The main goal for a business is to make as much money as possible at the lowest possible costs. Many expenses can be significantly reduced by optimizing routine processes. Imagine an employee whose full-time job is entering various data and filling forms with their computer and keyboard. This is exactly the type of task that can be easily streamlined with data entry automation. 

However, data entry automation is not the only way to transform your business. To guarantee efficient data entry, you can use the other data-related optimization tips described in the article.

What is data entry?

Data entry is the process of entering a specific type of information into a preferred or desired system. Data entry tasks are usually performed by data entry operators, who spend endless hours performing regular, repetitive operations. 
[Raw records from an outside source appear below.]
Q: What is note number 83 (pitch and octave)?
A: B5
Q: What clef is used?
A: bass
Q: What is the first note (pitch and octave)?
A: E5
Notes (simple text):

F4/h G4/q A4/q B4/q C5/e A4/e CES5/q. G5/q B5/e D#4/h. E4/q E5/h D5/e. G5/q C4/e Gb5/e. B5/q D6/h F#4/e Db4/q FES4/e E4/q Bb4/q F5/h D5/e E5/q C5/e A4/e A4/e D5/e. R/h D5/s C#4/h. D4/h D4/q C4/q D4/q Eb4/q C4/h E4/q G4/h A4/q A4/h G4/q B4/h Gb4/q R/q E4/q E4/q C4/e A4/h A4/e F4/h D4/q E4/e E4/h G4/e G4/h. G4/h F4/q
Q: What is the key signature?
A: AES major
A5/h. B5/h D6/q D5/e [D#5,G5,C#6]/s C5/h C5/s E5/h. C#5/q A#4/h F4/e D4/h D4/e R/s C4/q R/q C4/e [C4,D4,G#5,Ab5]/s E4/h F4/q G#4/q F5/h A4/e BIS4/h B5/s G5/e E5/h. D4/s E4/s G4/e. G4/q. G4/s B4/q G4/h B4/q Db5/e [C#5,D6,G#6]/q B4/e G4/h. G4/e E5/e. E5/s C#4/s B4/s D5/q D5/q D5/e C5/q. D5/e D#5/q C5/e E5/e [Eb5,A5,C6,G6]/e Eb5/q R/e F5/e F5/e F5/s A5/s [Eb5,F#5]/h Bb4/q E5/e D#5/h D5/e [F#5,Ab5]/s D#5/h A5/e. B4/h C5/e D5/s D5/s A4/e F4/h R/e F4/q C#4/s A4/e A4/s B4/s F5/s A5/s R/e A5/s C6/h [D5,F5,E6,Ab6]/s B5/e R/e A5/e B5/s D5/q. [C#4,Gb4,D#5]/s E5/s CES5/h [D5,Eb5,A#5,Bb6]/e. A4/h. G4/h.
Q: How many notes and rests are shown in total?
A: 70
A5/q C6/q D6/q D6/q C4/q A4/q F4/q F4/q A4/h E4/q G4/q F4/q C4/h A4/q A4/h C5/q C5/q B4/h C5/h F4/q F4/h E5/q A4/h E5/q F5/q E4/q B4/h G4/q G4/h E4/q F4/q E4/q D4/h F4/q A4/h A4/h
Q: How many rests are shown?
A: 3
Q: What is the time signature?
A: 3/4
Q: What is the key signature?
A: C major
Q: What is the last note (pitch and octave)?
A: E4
For example, a bank manager may open an Excel spreadsheet containing all client-related information and enter data about a new client into the system. It could be personal information, credit score, investment account statement or savings account statement, documentation of any other sources of income, and so on. Imagine this bank’s branch has 20 new clients daily.

Such a menial task as manual data entry might take up to 3 hours. That’s why companies often outsource manual data entry processes or implement automated data entry software. But what if you don't want or don't have an opportunity to outsource data entry processes? 

In that case, we’ve prepared seven tips to streamline data entering processes for your business.

1. Use data verification techniques

You can use the double-entry principle to ensure your data is correct. When utilizing this approach, two employees work separately on transcribing and compare results at the end. Even though double-checking takes more time, it detects any data-related inconsistencies. 

Another interesting data verification method is used when transmitting data in numerical format; for example, bank account numbers use a control number. Imagine you have a client’s account number in your system. The control number already exists in the system and the computer knows it. Let's look at an example.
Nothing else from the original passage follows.